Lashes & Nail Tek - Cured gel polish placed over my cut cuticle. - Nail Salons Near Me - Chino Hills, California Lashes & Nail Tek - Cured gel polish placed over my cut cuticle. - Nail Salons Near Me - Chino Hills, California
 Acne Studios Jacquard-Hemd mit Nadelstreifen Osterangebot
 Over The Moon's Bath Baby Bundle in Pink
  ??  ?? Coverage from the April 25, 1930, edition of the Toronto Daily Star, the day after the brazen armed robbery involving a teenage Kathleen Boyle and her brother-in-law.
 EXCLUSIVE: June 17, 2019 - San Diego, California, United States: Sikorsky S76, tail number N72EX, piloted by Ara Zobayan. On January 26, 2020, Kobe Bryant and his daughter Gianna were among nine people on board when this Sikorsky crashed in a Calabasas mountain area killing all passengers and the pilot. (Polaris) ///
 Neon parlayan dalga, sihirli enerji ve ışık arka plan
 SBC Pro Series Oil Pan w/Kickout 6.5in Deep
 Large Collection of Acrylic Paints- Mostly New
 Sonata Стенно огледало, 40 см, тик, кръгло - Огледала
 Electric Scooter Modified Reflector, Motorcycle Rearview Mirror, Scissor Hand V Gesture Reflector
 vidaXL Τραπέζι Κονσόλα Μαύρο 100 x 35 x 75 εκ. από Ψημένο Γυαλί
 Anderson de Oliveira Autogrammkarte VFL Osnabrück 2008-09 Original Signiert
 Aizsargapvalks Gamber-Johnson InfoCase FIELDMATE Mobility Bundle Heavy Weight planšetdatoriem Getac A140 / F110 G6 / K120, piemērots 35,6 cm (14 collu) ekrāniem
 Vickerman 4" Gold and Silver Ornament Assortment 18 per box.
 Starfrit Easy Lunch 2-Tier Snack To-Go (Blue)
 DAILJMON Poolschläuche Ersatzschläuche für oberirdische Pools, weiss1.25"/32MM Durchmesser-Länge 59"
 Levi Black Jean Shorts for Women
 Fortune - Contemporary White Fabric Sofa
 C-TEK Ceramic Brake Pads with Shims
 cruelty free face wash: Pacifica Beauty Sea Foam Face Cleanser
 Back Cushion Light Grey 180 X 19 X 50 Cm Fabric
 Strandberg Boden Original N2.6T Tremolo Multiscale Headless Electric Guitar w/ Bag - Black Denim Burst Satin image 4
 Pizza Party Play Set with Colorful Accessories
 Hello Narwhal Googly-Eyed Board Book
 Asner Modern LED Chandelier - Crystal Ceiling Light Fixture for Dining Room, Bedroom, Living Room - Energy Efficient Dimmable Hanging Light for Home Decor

◆ ◆ ◆

When a line contains the string "Original", count that line; once every line of the records has been checked, state the count alone.

2